Boost :

Date view	Thread view	Subject view	Author view

Subject: Re: [boost] [parallel_sort] Proposal
From: Phil Endecott (spam_from_boost_dev_at_[hidden])
Date: 2009-02-02 12:41:58

Next message: John Salmon: "[boost] warnings from gcc-4.3.3 -Wall"
Previous message: Beman Dawes: "Re: [boost] [filesystem] Version 3 request for comments"
In reply to: Edouard A.: "Re: [boost] [parallel_sort] Proposal"
Next in thread: Edouard A.: "Re: [boost] [parallel_sort] Proposal"
Reply: Edouard A.: "Re: [boost] [parallel_sort] Proposal"
Reply: Phil Endecott: "Re: [boost] [parallel_sort] Proposal"

Edouard A wrote:
> For example, for 4 threads you have :
>
> parallel_sort<4> -> parallel_sort<2> -> parallel_sort<1>
> -> parallel_sort<1>
> -> parallel_sort<2> -> parallel_sort<1>
> -> parallel_sort<1>
>
> This code is generated at compile time.
>
> The one thread version use the fallback sorter which is by default
> std::sort.
>
> The default > 1 thread version merges the results of the underlying calls
> (there is a version with quicksort).

So basically it's something like this:

   thread t( sort(begin,mid) );
   sort(mid,end);
   t.join();
   merge(begin,mid,end); // [*]

The trouble with this is that one of the threads will terminate before
the other, e.g. because its data was easier to sort or was in
more-local memory, and it will then do nothing until the other thread
(and all its sub-threads) has also finished.
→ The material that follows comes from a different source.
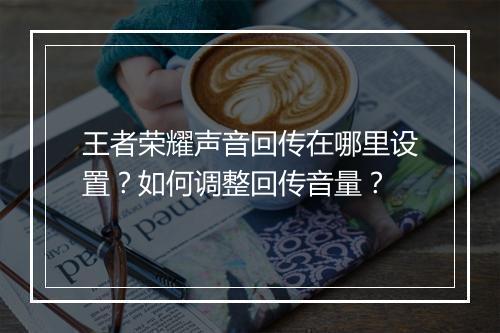 王者荣耀声音回传在哪里设置？如何调整回传音量？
It would be better to
keep all threads occupied for as much of the time as possible, e.g. by
dividing the problem up into chunks and giving the chunks to threads as
and when they are ready to handle them.

You mentioned the Intel implementation before. Have you benchmarked
that in comparison with your algorithm?

I guess that you may have benchmarked with random input data. This
will tend to favour your method as the input is uniformly difficult to
sort. You should also benchmark with input that is less homogeneous,
e.g. data that's mostly sorted but with local permutations, etc. Is
anyone aware of synthetic or real benchmark data sets for sorting?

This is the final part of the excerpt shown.